### Exercise description
Leave out the pictures and print the rest of the entries exactly as they stand.

### Pictures with short captions
****
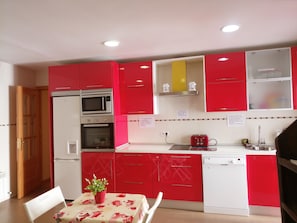 Fridge, microwave - Hostal Don Diego (Ávila)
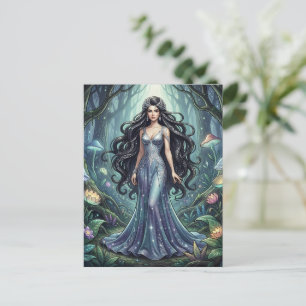 Majestätische Frau mit silbernem Kleid Postkarte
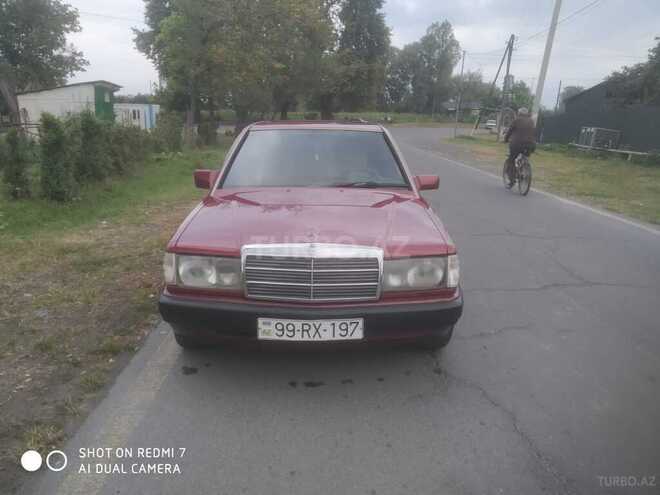 Mercedes 190 1990, 150,000 km - 2.0 l - Qax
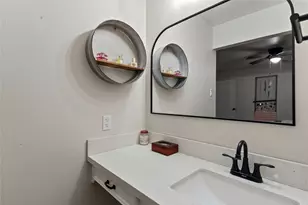 2205 Buchanan Dr, Baytown, TX 77520 - Photo 22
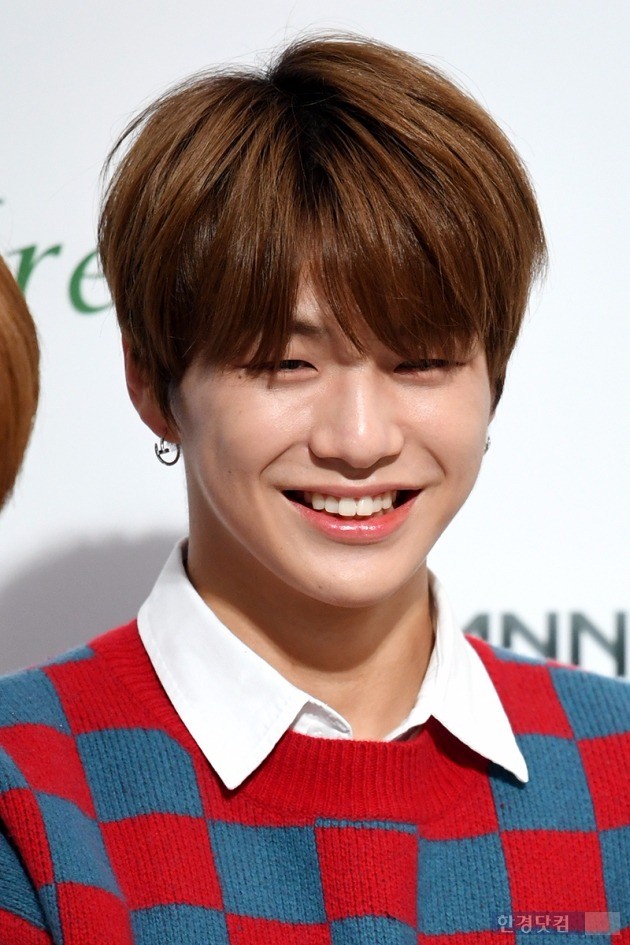 강다니엘, '무대와는 180도 다른 순둥순둥 매력'
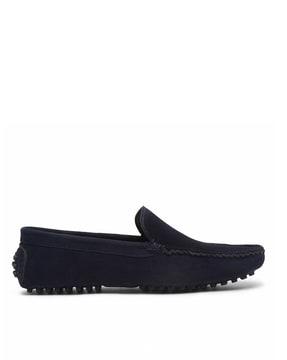 low-top round-toe slip-on loafers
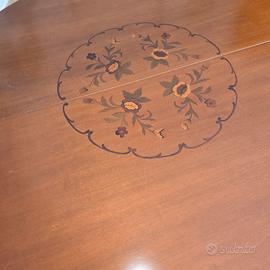 Tavolo apribile in legno massello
****
### Solution for this task
 Fridge, microwave - Hostal Don Diego (Ávila)
 Majestätische Frau mit silbernem Kleid Postkarte
 Mercedes 190 1990, 150,000 km - 2.0 l - Qax
 2205 Buchanan Dr, Baytown, TX 77520 - Photo 22
 강다니엘, '무대와는 180도 다른 순둥순둥 매력'
 low-top round-toe slip-on loafers
 Tavolo apribile in legno massello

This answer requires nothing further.